After a pulse excitation, the nmr signal decay contains that reflect multiple relaxations at different frequencies.
To explore the nature of wave motion and the Fourier Transform we can use audio files and R packages that create, read, and manipuate audio files (.wav).
packages:
fftw
TuneR
Below we used R to generate representations of sound. The graphs are of sound waves of different frequency, as might be detected by a microphone: the plots are amplitude of sound versus time.
library(tuneR,fftw)
Wobj1 <- 0.75*sine(880) # here is unit = freq not degree in radians
tdir <- tempdir()
tfile <- file.path(tdir, "myWave.wav")
writeWave(Wobj1, filename = tfile)
sdat1 <- tuneR::readWave(tfile)
Wobj2 <- 1.0*sine(4400) # here is unit = freq not degree in radians
tdir <- tempdir()
tfile2 <- file.path(tdir, "myWave2.wav")
writeWave(Wobj2, filename = tfile2)
sdat2 <- tuneR::readWave(tfile2)
Wobj3 <- 0.5*sine(2000) # here is unit = freq not degree in radians
tdir <- tempdir()
tfile3 <- file.path(tdir, "myWave3.wav")
writeWave(Wobj3, filename = tfile3)
sdat3 <- tuneR::readWave(tfile3)
sdat3##
## Wave Object
## Number of Samples: 44100
## Duration (seconds): 1
## Samplingrate (Hertz): 44100
## Channels (Mono/Stereo): Mono
## PCM (integer format): FALSE
## Bit (8/16/24/32/64): 32 N <- 44100
x <- seq(1,44100,1)
w1 <- sdat1@left
w2 <- sdat2@left
w3 <- sdat3@left
wt <- w1 + w2 + w3
times <- x/44100 # same as freq because t = 1 sec
length(times)## [1] 44100 # Now we set up a plotting environment of two rows and three columns (in order to hold six graphs), using par(mfrow())
par(mfrow=c(2,2))
plot(times,w1,type="l",xlab="Time/sec",ylab="Amplitude",xlim=c(0,0.01))

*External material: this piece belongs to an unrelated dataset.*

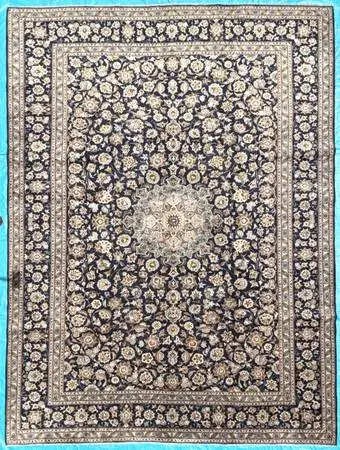 VINTAGE PERSIAN KASHAN HAND KNOTTED RUG, 10.0 x 13.3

plot(times,w2,type="l",xlab="Time/sec",ylab="Amplitude",xlim=c(0,0.01))
plot(times,w3,type="l",xlab="Time/sec",ylab="Amplitude",xlim=c(0,0.01))
plot(times,wt,type="l",xlab="Time/sec",ylab="Amplitude",xlim=c(0,0.01))
Questions
Consider the first graph. Imagine you are the microphone, and you measure amplitude by raising and lowering your hand. Demonstrate.
According to the graph estimate how long does it take to go up and down once?
How many times will it go up and down in one second? This is the frequency.
Sound amplitude is related to compression of air. Sketch what compression of air might look like as a function of distance.
What is oscillationg up and down in the case of EM radiation?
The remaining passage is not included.